+++ LISTED RECORDS +++

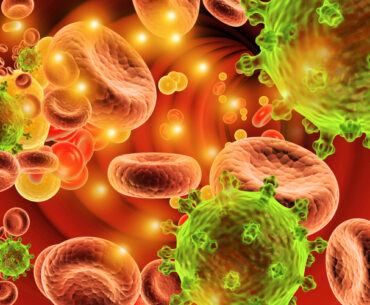 Virus in bloodstream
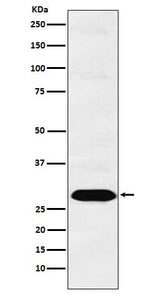 Anti-PSMA1 Monoclonal Antibody Boster Bio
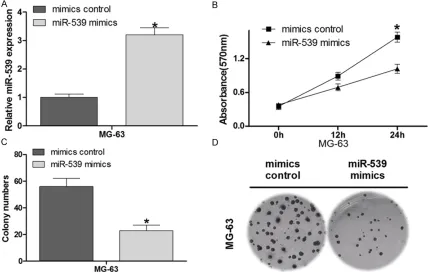 Figure 2. Overexpression of miR-539 inhibits in vitro growth of MG-63 cells. A. MG-63 cells were transfected with miR-539 or miRNA controls, respectively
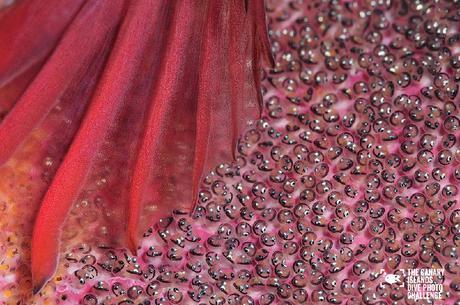 Éstas son las imágenes vencedoras del certamen ‘The Canary Islands Dive Photo Challenge’ Irene Perez Santana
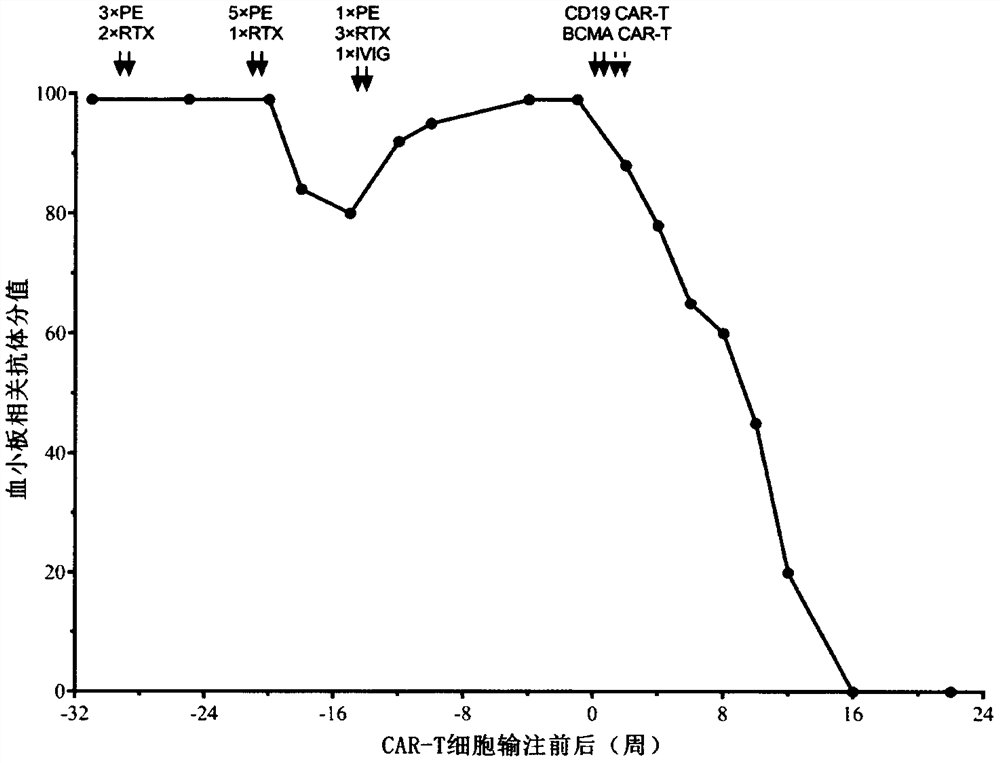 Combined application of sequential infusion CD19 CAR-T and BCMA CAR-T cells in immune-mediated platelet infusion invalidation of acute leukemia patients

+++

Could you please return the entries above exactly, minus the pictures?

 Virus in bloodstream
 Anti-PSMA1 Monoclonal Antibody Boster Bio
 Figure 2. Overexpression of miR-539 inhibits in vitro growth of MG-63 cells. A. MG-63 cells were transfected with miR-539 or miRNA controls, respectively
 Éstas son las imágenes vencedoras del certamen ‘The Canary Islands Dive Photo Challenge’ Irene Perez Santana
 Combined application of sequential infusion CD19 CAR-T and BCMA CAR-T cells in immune-mediated platelet infusion invalidation of acute leukemia patients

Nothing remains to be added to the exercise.